WHAT THE TASK REQUIRES -> What is needed here is an exact reprint of every record below.

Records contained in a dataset
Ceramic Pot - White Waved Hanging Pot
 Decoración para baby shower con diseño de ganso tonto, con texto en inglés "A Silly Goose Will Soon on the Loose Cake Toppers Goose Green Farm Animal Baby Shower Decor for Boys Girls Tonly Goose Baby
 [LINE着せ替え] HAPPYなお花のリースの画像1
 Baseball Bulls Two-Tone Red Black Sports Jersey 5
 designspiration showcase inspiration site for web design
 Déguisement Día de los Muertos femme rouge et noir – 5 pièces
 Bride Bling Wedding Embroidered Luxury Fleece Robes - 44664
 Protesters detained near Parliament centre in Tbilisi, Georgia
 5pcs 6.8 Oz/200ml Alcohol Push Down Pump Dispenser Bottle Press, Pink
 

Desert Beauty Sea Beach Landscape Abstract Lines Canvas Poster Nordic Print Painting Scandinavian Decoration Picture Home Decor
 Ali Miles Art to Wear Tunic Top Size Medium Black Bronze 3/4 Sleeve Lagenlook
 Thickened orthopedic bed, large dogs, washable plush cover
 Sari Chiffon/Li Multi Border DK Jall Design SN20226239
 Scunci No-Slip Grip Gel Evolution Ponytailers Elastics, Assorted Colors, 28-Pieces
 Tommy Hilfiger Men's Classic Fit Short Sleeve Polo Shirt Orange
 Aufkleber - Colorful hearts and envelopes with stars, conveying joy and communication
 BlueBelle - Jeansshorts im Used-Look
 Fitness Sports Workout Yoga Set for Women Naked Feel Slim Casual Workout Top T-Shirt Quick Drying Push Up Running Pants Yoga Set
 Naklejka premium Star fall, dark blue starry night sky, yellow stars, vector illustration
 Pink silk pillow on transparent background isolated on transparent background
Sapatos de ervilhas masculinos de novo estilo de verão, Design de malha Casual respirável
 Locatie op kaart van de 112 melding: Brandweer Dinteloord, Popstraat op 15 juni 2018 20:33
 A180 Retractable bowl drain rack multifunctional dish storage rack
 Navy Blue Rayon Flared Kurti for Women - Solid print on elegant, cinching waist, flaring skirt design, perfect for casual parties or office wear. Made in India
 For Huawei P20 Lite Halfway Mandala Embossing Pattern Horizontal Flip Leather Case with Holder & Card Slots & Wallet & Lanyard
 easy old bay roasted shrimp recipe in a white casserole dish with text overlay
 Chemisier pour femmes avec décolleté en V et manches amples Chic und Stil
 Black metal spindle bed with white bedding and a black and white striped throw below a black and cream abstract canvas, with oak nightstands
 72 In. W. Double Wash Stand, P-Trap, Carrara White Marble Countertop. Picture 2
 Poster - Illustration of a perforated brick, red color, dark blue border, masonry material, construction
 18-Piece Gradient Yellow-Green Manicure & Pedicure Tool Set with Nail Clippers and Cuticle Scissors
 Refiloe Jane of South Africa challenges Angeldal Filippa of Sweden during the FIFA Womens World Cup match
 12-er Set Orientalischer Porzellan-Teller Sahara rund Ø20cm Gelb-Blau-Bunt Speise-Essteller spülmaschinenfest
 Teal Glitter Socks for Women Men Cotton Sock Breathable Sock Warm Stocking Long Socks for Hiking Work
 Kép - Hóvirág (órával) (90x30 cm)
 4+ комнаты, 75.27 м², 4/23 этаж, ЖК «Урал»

YOUR SOLUTION ->
Ceramic Pot - White Waved Hanging Pot
 Decoración para baby shower con diseño de ganso tonto, con texto en inglés "A Silly Goose Will Soon on the Loose Cake Toppers Goose Green Farm Animal Baby Shower Decor for Boys Girls Tonly Goose Baby
 [LINE着せ替え] HAPPYなお花のリースの画像1
 Baseball Bulls Two-Tone Red Black Sports Jersey 5
 designspiration showcase inspiration site for web design
 Déguisement Día de los Muertos femme rouge et noir – 5 pièces
 Bride Bling Wedding Embroidered Luxury Fleece Robes - 44664
 Protesters detained near Parliament centre in Tbilisi, Georgia
 5pcs 6.8 Oz/200ml Alcohol Push Down Pump Dispenser Bottle Press, Pink
 

Desert Beauty Sea Beach Landscape Abstract Lines Canvas Poster Nordic Print Painting Scandinavian Decoration Picture Home Decor
 Ali Miles Art to Wear Tunic Top Size Medium Black Bronze 3/4 Sleeve Lagenlook
 Thickened orthopedic bed, large dogs, washable plush cover
 Sari Chiffon/Li Multi Border DK Jall Design SN20226239
 Scunci No-Slip Grip Gel Evolution Ponytailers Elastics, Assorted Colors, 28-Pieces
 Tommy Hilfiger Men's Classic Fit Short Sleeve Polo Shirt Orange
 Aufkleber - Colorful hearts and envelopes with stars, conveying joy and communication
 BlueBelle - Jeansshorts im Used-Look
 Fitness Sports Workout Yoga Set for Women Naked Feel Slim Casual Workout Top T-Shirt Quick Drying Push Up Running Pants Yoga Set
 Naklejka premium Star fall, dark blue starry night sky, yellow stars, vector illustration
 Pink silk pillow on transparent background isolated on transparent background
Sapatos de ervilhas masculinos de novo estilo de verão, Design de malha Casual respirável
 Locatie op kaart van de 112 melding: Brandweer Dinteloord, Popstraat op 15 juni 2018 20:33
 A180 Retractable bowl drain rack multifunctional dish storage rack
 Navy Blue Rayon Flared Kurti for Women - Solid print on elegant, cinching waist, flaring skirt design, perfect for casual parties or office wear. Made in India
 For Huawei P20 Lite Halfway Mandala Embossing Pattern Horizontal Flip Leather Case with Holder & Card Slots & Wallet & Lanyard
 easy old bay roasted shrimp recipe in a white casserole dish with text overlay
 Chemisier pour femmes avec décolleté en V et manches amples Chic und Stil
 Black metal spindle bed with white bedding and a black and white striped throw below a black and cream abstract canvas, with oak nightstands
 72 In. W. Double Wash Stand, P-Trap, Carrara White Marble Countertop. Picture 2
 Poster - Illustration of a perforated brick, red color, dark blue border, masonry material, construction
 18-Piece Gradient Yellow-Green Manicure & Pedicure Tool Set with Nail Clippers and Cuticle Scissors
 Refiloe Jane of South Africa challenges Angeldal Filippa of Sweden during the FIFA Womens World Cup match
 12-er Set Orientalischer Porzellan-Teller Sahara rund Ø20cm Gelb-Blau-Bunt Speise-Essteller spülmaschinenfest
 Teal Glitter Socks for Women Men Cotton Sock Breathable Sock Warm Stocking Long Socks for Hiking Work
 Kép - Hóvirág (órával) (90x30 cm)
 4+ комнаты, 75.27 м², 4/23 этаж, ЖК «Урал»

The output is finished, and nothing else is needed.